I spent most of my years in the military operating in the Recon genre of Special Operations. A job that had me living out of a rucksack for days if not weeks at a time. I learned very quickly in combat what optimization and efficiency meant, how important considering every ounce was, and how that truly equaled readiness on the battlefield. An early example is water and how we packed it out. On long-range movements on operations, we typically would bring 7 quarts of water per day and have a minimum of 3 days’ worth of water on infiltration. A quart weighs around 2lbs; so easy math, you are looking at 40lbs of water starting off—this made carrying all of our recon gear, comms, ammo, etc. around 120lbs at a minimum. With varied infiltration options, jumping, maritime, long walks, the list goes on, we were damn near combat ineffective from the onset. As we evolved through the war, we started analyzing terrain and utilizing natural water points for resupply, which cut our weight nearly in half.

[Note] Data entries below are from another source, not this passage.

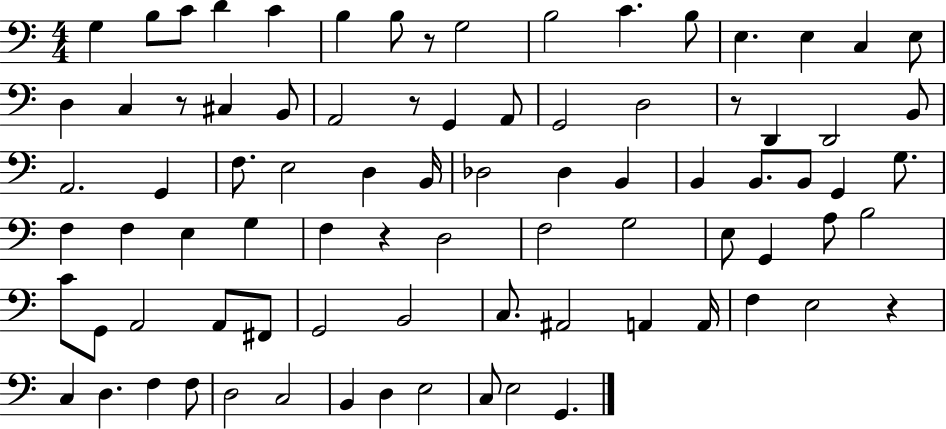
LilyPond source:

{
  \clef bass
  \numericTimeSignature
  \time 4/4
  \key c \major
  \repeat volta 2 { g4 b8 c'8 d'4 c'4 | b4 b8 r8 g2 | b2 c'4. b8 | e4. e4 c4 e8 | \break d4 c4 r8 cis4 b,8 | a,2 r8 g,4 a,8 | g,2 d2 | r8 d,4 d,2 b,8 | \break a,2. g,4 | f8. e2 d4 b,16 | des2 des4 b,4 | b,4 b,8. b,8 g,4 g8. | \break f4 f4 e4 g4 | f4 r4 d2 | f2 g2 | e8 g,4 a8 b2 | \break c'8 g,8 a,2 a,8 fis,8 | g,2 b,2 | c8. ais,2 a,4 a,16 | f4 e2 r4 | \break c4 d4. f4 f8 | d2 c2 | b,4 d4 e2 | c8 e2 g,4. | \break } \bar "|."
}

On deployments, I began to do more mobility centric operations because the terrain we were operating in (over 10k feet) deprived us of oxygen and compromised our physical capabilities. In Special Operations, we had the luxury in preparation to pick and choose equipment and decided that ATV, side by side, and non-standard vehicles were the best bet. We acquired recoilless rifles, machine guns, ammo cans, mounts, and fixed them to every vehicle we owned and began living and operating off our rigs. One saying I’ll always remember is, “the mobility platform is an extension of your rucksack and should be loaded out accordingly.” I also learned you need to understand all strengths and weaknesses of your platform prior to the operation. For example, ATV, great for narrow paths and quick maneuvers, but obviously offers no protection against gunfire and IED’s and was limited in payload in sheer weight. I learned that Land Rovers although not always the most reliable were good enough for combat and was like an old stubborn mule in that it would go anywhere in the worst terrain that Northern Afghanistan had to offer.
As I translate a lot of the elements of rucks into mobility for our clients at Fieldcraft Survival, all these experiences make me wonder. How viable are our vehicles that we use today and how capable are they really in the worst-case scenario?

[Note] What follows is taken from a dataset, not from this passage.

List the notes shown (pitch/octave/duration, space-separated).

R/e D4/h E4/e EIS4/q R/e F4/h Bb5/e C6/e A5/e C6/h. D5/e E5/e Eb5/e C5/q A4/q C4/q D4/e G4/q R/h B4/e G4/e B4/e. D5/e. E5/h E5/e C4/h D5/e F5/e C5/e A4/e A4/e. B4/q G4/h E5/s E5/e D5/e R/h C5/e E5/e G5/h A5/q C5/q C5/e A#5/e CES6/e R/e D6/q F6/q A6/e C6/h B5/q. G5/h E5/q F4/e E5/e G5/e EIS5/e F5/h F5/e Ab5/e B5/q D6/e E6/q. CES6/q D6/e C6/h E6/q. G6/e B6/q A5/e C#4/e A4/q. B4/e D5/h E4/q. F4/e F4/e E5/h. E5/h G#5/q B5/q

Imagine this… Imagine that all the electricity went out indefinitely. The ATM machines, the gas stations, the convenient and grocery stores, hospitals, cell phone towers, your house, everything was out. You are literally left in the dark. How long would you last? This question has made me rethink a lot of my own preparation and my own mindset. I mean is it really that farfetched to imagine the electricity being knocked out by a natural or manmade disaster? Well let’s play hypotheticals for the sake of discussion.

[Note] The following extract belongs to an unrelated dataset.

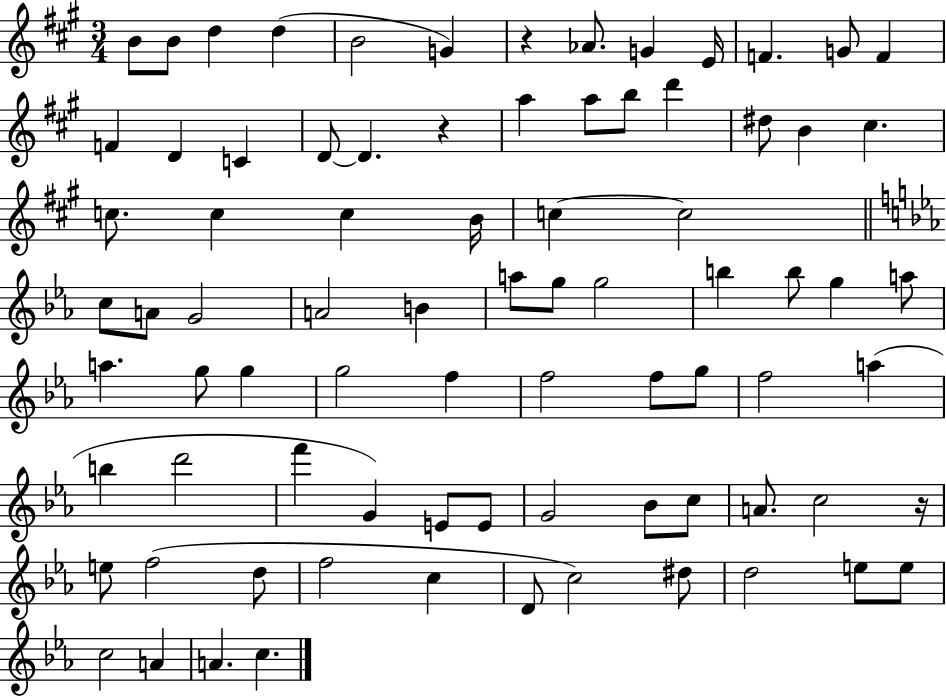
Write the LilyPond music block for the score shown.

Most you will probably consolidate the best way you can with loved ones. You’ll drive to where your kid goes to school to pick them up, you’ll go to your spouse’s work to try and find them, given the absence of cell phone communication. If you are lucky, this all goes smoothly; but then what? If you haven’t prepared, you more than likely will try and go to the grocery store, and if you are one of the lucky ones that carry cash, you’ll use the last bit of cash you have to buy as much fresh water and food as possible. What do you think everyone else is doing? You guessed it, the same exact thing. So herein lies the problem, which on a smaller scale is comparable to a lot of the resources being scarfed up due to an impending storm, hurricane, etc. Even with all the infrastructure intact, the resources allocated by the supply chain of grocery and retail stores will be depleted in days, sometimes hours. Can you imagine if there were no available resources, zero electricity and panic ensued? You bet things would get real, really fast.